No final da tarde, os três amigos resolvem voltar para a capital para os seus compromissos, os nobres e os nem tanto. Colocam as mochilas, os cobertores, os edredons, os travesseiros e os spleeping bags no carro e pegam a estrada. Na fita cassete músicas animadas dos tempos de matinê.

Já anoitecia quando, ao som de “It´s Raining Man”, o motorista breca bruscamente e o carro bate em alguma coisa. Os edredons e travesseiros voam para frente, o silêncio invade o carro e a alegria desgovernada dá lugar a uma sobriedade imediata.

Na escuridão da estradinha cheia de curvas um monte de pêlos marrom-claro dá seu último suspiro. Uma capivara, que naquele momento atravessava tranquilamente a estrada e não viu o Fiesta azul marinho vindo em sua direção.

Com a ventoinha quebrada e o carro fervendo, conseguem chegar até a próxima cidade. Decidem que o motorista fica com o carro esperando o guincho e os outros dois voltam para a capital, para os seus compromissos nobres e os nem tanto.

Na rodoviária da cidade não tem mais ônibus direto aquele dia. Os dois amigos decidem pegar um ônibus até a cidade mais próxima e de lá partir para a capital.

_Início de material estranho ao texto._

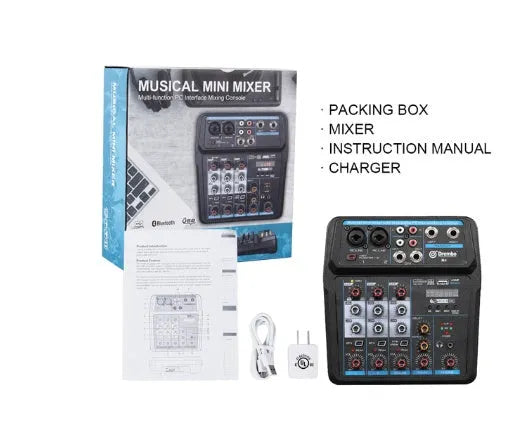 M4 or M6 model small audio mixer with PVC housing for live broadcast and KTV use.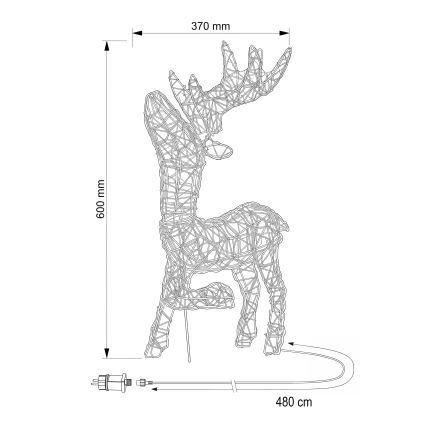 BRILAGI - LED Buiten kerstdecoratie LED/3,3W/230V IP44 60x37 cm rendier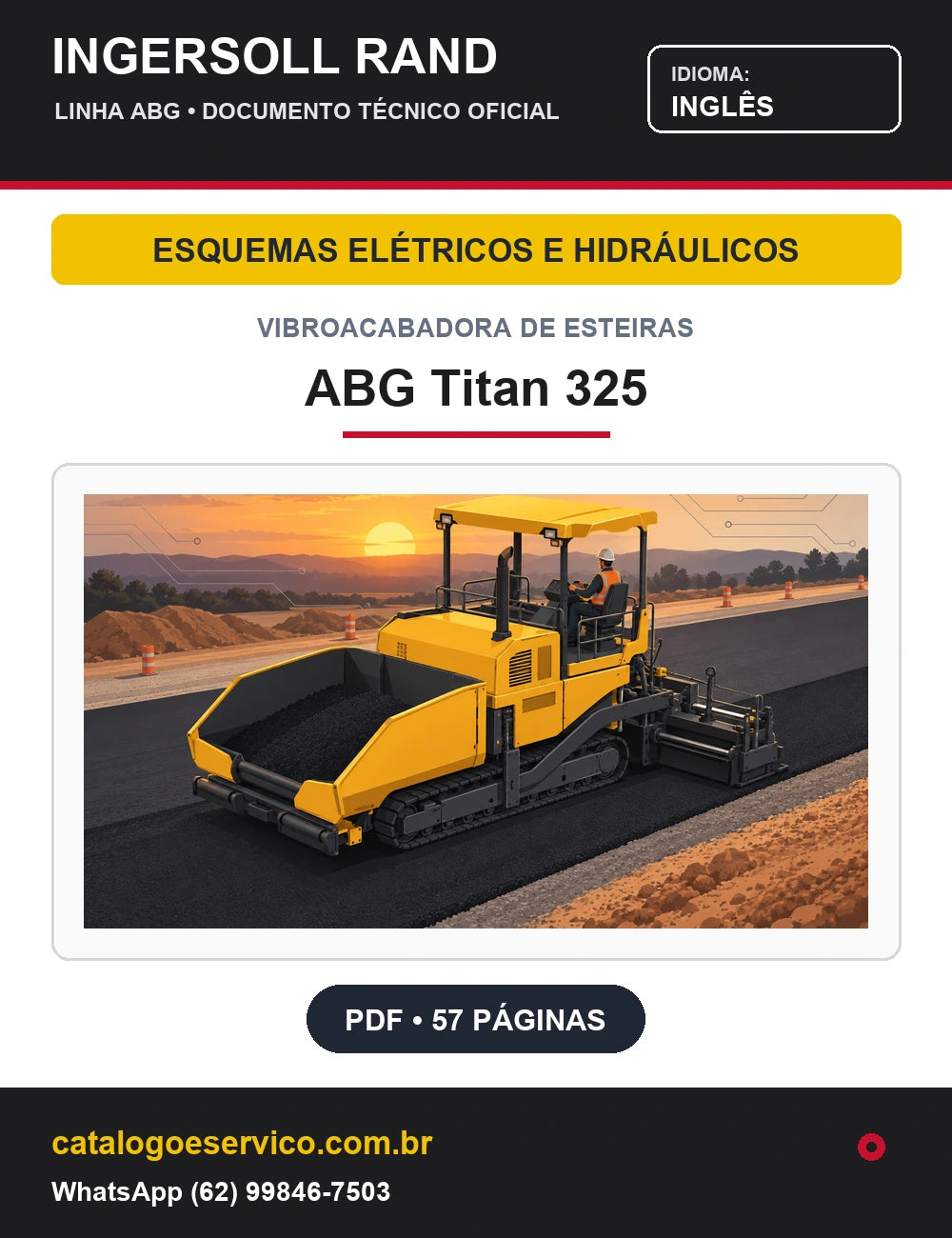 Capa Esquemas Elétricos e Hidráulicos Vibroacabadora de Esteiras ABG Titan 325 Ingersoll Rand / Volvo (Inglês)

Enquanto esperam o ônibus ele liga para a namorada.

- Oi, já tá pronta? Então, atropelamos uma capirava e zoou a ventoinha. Tá tudo bem. Vou pegar um ônibus até Campinas, depois um outro até São Paulo. Já, já estou aí. Beijos.

Chegando à próxima cidade ela tenta ligar para casa.

- Falou com a sua mãe?
- Não consegui, liguei pra um rolinho.
- Aquele?
- O próprio... A que horas você tem que estar na festa?
- Meia noite.
- Onde é?
- Serra da Cantareira.
- Já são quase 10 e nós ainda nem saímos daqui...

No meio do caminho ele liga de novo.

- Daqui a 20 minutos to na rodoviária. Vou pegar um metrô e te encontro na Santa Cruz. Pega meu smoking e meu sapato. Vou sem tomar banho mesmo e me troco no carro. Ah! Aprende o caminho para você me explicar depois.

Assim que desliga, o telefone toca de novo.

- Eu sei. To chegando, vai dar tudo certo. Tenta atrasar a valsa... Valsa sempre atrasa.

Desliga o telefone atrapalhado.

- São quase onze, será que vai dar tempo?
- Num sei, mas tenho que tentar. Valsa atrasa né?
- Será? Debutante não é que nem noiva.

Chegando à rodoviária o relógio já marcava onze pouco. Os dois pegam as mochilas e saem em disparada para o metrô. Compram as passagens, descem as escadas correndo e respiram por 30 infinitos segundos até o trem parar. A cada estação a vontade de pedir para seguir direto até a Santa Cruz aumentava. Se com a filha do chefe não se mexe, com baile de debutante da filha do chefe menos ainda.

O trem pára na estação e o cavalheirismo já nem existia mais. “Desculpa, tenho que correr. Preciso chegar lá em 15 minutos”, disse ele antes de sumir no meio das pessoas que subiam as escadas rolantes.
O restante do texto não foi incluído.